Natoli, no expert at Christianity, stops short of compassing what the great
enticement could comprise, but does probe an analogy of conviction for
Nietzsche - of whom he is an expert - namely "proof by power". What gives
the mind restive conviction is the raw power of an idea to dispel doubt and
confusion (or perhaps one's cares about doubt and confusion).
However, clear imperatives alone cannot insure against the invincible error
of self-delusion: a dangerous thing if we but take Nietzsche as an example.
Natoli makes his stand on the skeptic’s creed that, at all costs, avoids the
delusion to be feared lurking in every move to sureness.
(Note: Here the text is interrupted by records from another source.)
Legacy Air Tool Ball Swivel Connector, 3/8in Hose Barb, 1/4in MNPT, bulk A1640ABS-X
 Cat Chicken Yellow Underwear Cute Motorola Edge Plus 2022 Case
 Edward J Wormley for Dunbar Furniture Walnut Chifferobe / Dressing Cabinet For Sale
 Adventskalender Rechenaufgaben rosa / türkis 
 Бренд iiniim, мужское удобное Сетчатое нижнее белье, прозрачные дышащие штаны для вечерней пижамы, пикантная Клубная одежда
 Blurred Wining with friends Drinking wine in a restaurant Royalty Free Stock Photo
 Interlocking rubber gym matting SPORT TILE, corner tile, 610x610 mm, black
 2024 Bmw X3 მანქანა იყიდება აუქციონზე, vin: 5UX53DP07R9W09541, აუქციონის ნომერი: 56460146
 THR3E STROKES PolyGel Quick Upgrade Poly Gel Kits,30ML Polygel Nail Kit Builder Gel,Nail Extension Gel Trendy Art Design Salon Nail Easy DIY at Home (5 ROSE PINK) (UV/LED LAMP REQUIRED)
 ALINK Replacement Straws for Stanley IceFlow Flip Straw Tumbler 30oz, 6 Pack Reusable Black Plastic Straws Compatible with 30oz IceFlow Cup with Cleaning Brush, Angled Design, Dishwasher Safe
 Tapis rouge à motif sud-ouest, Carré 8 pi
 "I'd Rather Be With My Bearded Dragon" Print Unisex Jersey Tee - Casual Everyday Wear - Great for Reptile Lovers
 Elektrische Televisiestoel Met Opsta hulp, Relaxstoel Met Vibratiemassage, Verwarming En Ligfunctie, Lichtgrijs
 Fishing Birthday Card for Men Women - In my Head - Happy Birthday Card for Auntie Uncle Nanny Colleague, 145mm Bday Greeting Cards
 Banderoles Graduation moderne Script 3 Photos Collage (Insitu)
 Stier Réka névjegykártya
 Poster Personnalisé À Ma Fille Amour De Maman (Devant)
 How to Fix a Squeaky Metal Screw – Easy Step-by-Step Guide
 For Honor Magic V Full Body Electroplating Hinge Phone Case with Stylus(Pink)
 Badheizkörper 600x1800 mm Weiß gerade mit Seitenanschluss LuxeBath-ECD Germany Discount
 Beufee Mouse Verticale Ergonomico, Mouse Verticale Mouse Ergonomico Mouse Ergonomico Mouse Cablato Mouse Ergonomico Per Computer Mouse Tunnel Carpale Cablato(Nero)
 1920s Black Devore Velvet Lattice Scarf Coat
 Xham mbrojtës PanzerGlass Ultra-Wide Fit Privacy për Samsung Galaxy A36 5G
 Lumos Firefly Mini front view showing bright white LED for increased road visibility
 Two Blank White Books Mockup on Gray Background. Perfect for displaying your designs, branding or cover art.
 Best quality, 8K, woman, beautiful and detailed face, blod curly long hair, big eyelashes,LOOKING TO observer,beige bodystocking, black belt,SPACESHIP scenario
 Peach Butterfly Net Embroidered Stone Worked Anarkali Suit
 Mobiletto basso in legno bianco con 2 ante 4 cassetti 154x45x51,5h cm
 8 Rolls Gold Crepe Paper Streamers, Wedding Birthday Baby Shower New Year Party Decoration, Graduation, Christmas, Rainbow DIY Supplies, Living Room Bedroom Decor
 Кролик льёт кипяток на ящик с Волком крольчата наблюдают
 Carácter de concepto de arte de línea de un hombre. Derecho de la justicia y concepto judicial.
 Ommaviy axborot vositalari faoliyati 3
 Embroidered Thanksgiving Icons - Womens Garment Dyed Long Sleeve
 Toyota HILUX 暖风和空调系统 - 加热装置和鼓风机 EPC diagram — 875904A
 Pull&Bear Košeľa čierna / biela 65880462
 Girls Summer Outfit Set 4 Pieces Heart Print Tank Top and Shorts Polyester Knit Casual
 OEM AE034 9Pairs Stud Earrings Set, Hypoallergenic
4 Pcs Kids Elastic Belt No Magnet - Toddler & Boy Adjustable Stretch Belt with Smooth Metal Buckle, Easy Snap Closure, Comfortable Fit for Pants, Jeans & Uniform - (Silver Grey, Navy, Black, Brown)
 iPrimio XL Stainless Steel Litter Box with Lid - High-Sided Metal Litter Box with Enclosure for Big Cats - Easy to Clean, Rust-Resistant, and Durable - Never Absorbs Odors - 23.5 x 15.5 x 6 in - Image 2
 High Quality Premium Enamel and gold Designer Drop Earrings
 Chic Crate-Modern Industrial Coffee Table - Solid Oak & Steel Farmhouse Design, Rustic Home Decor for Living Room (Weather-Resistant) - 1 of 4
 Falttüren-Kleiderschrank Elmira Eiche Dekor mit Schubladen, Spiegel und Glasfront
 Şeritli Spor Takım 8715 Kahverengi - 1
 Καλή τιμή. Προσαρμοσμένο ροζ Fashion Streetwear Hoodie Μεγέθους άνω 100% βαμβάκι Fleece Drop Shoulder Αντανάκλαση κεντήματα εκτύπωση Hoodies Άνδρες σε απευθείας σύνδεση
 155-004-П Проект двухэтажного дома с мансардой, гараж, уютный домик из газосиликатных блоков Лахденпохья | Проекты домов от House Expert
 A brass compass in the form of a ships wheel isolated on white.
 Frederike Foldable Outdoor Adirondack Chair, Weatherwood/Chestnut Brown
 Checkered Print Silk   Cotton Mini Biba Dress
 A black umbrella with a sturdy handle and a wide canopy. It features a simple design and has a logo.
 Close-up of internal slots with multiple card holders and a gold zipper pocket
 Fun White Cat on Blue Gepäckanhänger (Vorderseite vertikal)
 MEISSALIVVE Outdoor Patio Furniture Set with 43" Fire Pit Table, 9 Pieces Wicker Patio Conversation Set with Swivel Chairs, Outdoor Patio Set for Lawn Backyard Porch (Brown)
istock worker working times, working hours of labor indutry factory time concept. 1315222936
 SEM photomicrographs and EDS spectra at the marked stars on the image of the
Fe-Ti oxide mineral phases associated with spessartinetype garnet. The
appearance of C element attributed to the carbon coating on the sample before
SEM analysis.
Something surer
than proofs of power would need to be in play for a mind to pass the bar to
assurance raised by conscientious skepticism. Did Augustine have that?
Natoli supposes that Augustine's conscience - skeptical though it was for a
period before conversion - was not equal to desires, cravings and longings –
imagining some unspecified needs outside of fame, society, power and
women. By this metric the conversion of a C.S. Lewis would reduce to a
weakness of sentiment, where a stoical Cathar or Yogi would fare better.
But setting aside the counterfactual that Manichee adeptness had long
nerved Augustine for disciplines, we must allow that Augustine had heart,
or perhaps elan which he - like Pascal later - knew capable of imagination
and aspiration. A power of affection Natoli attaches to Augustine's need to
worship, averting him from Mani. A man of zeal would hardly die for a
'Lord of Lights' usurped by Darkness, whose harsh Lord made the crushing
world; rather, "passionate worship Augustine longed to give, [wanting a]
guarantor for the kind of certainty he craved".
The 'criterion' adduced by Augustine on recollecting his skepticism: "I
wished to be made as sure of the things I could not see as I was certain that
seven and three make ten", is as round a criterion as any skeptic has
written. But Natoli sees it as longing that found fulfillment in the garden,
with the book. I don’t deny it as a longing; but here's a skeptic who admits
longing as a criterion for dispassionate satisfaction! In this I think Natoli is
being inchoately honest, on behalf of all skeptics.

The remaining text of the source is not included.